What needs to be done: Please set down only the lines below starting with the line with "Young Man with" and going on through the line with "inpep logo drawing on a banner", verbatim and without pictures.

Task inputs:
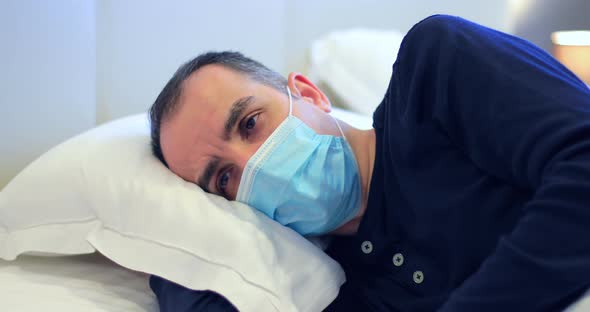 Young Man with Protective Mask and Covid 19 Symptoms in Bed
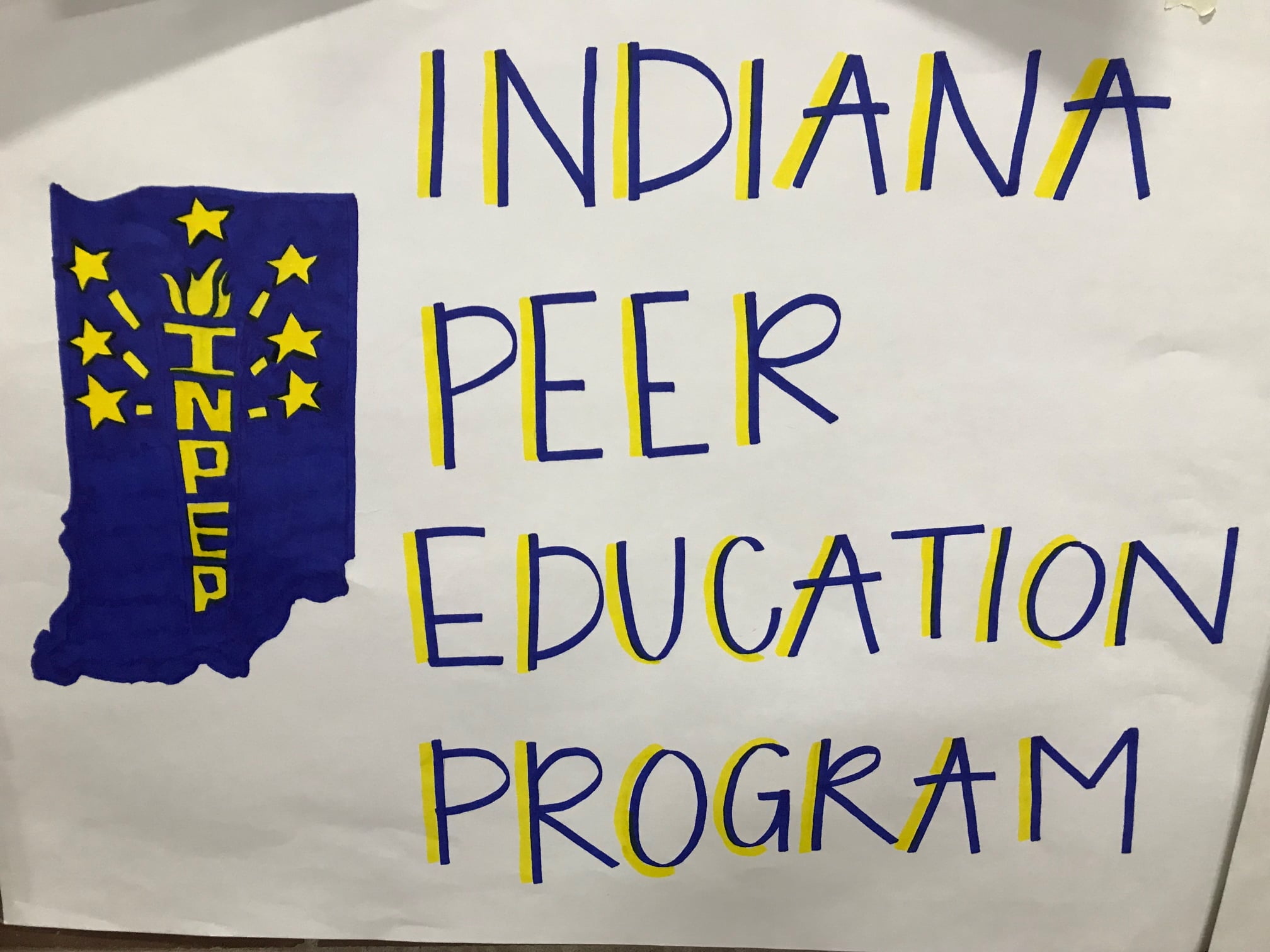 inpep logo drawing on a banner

---

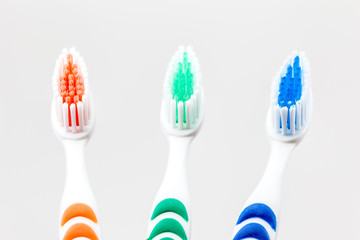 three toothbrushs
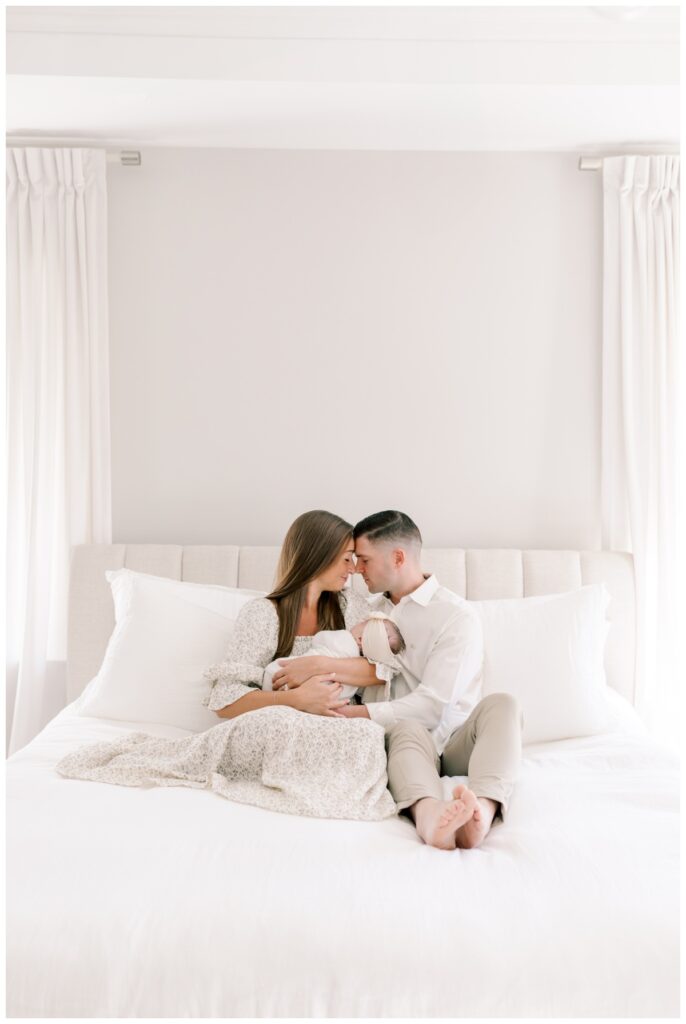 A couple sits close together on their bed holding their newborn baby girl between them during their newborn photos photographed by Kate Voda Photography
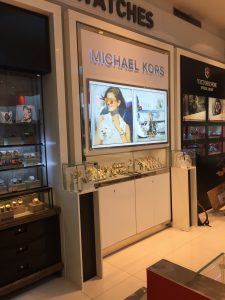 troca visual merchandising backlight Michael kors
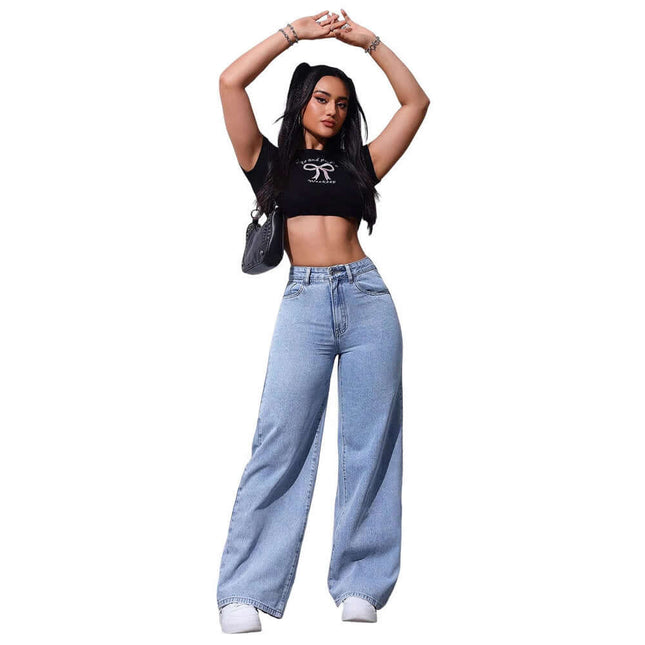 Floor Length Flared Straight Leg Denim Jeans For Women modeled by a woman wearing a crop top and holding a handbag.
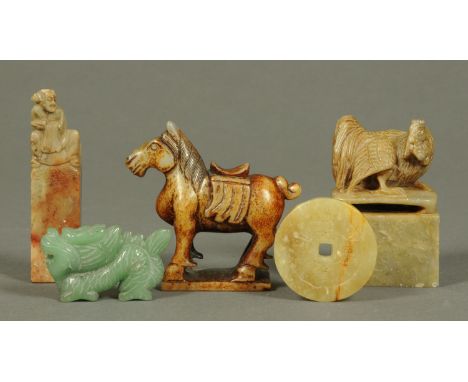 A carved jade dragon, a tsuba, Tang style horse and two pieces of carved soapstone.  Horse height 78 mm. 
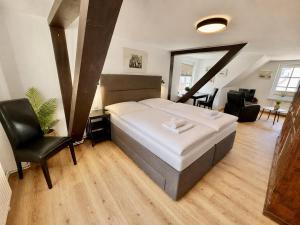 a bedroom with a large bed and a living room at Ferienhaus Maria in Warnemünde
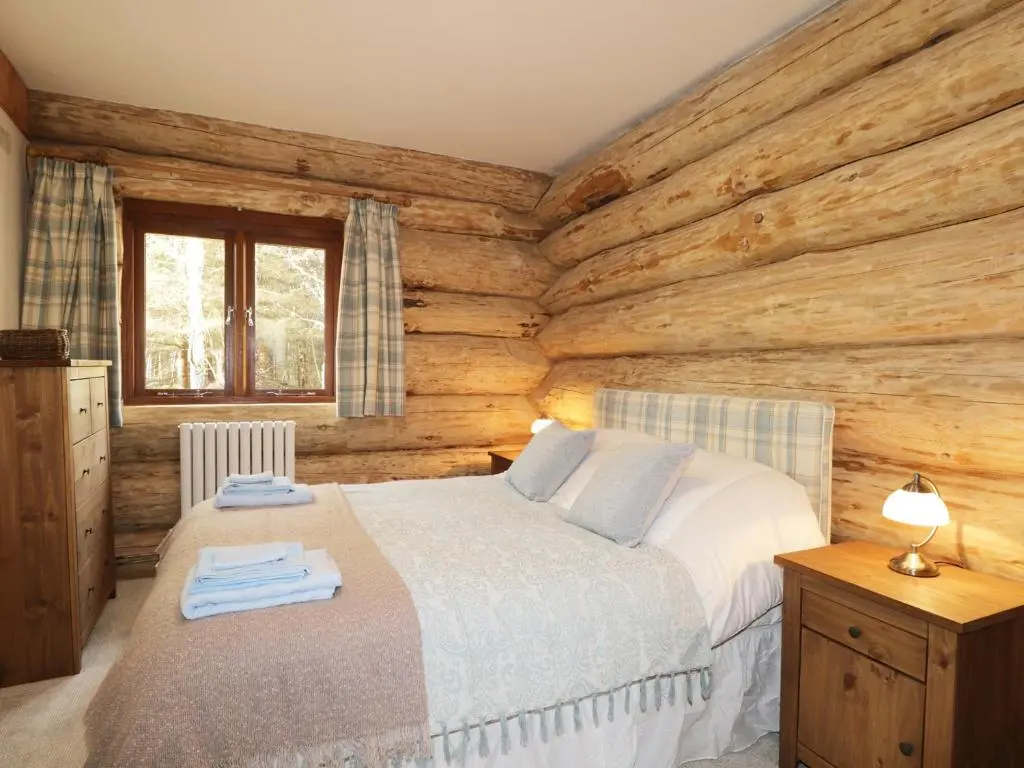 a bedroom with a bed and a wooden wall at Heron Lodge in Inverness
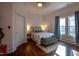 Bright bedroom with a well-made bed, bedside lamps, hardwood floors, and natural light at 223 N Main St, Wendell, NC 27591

Task response:
 Young Man with Protective Mask and Covid 19 Symptoms in Bed
 inpep logo drawing on a banner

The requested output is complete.